*** Block opens ***

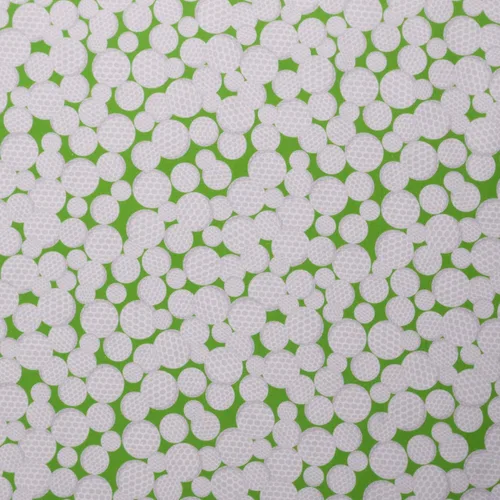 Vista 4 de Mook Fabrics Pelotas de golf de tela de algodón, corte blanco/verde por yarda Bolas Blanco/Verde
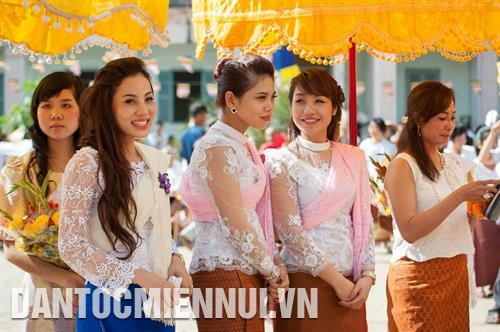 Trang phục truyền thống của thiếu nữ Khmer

*** Block closes ***
*** Block opens ***

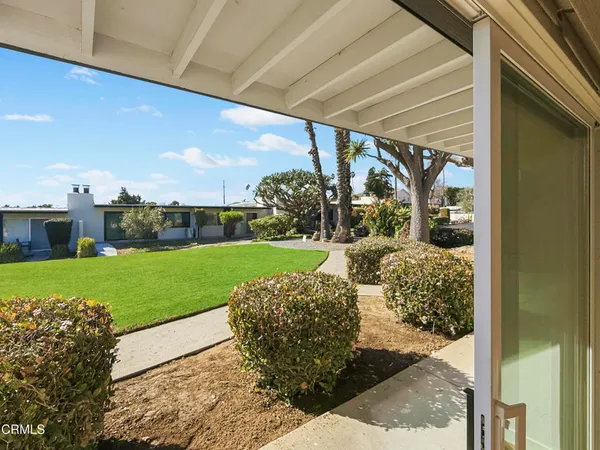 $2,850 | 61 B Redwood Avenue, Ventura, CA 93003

*** Block closes ***

Nothing outside the stretch above, from the line with "Vista 4 de Mook" through the line with "Trang phục truyền thống của thiếu nữ Khmer", is set down. Transcribe that stretch exactly, ends included, but not its pictures.

 Vista 4 de Mook Fabrics Pelotas de golf de tela de algodón, corte blanco/verde por yarda Bolas Blanco/Verde
 Trang phục truyền thống của thiếu nữ Khmer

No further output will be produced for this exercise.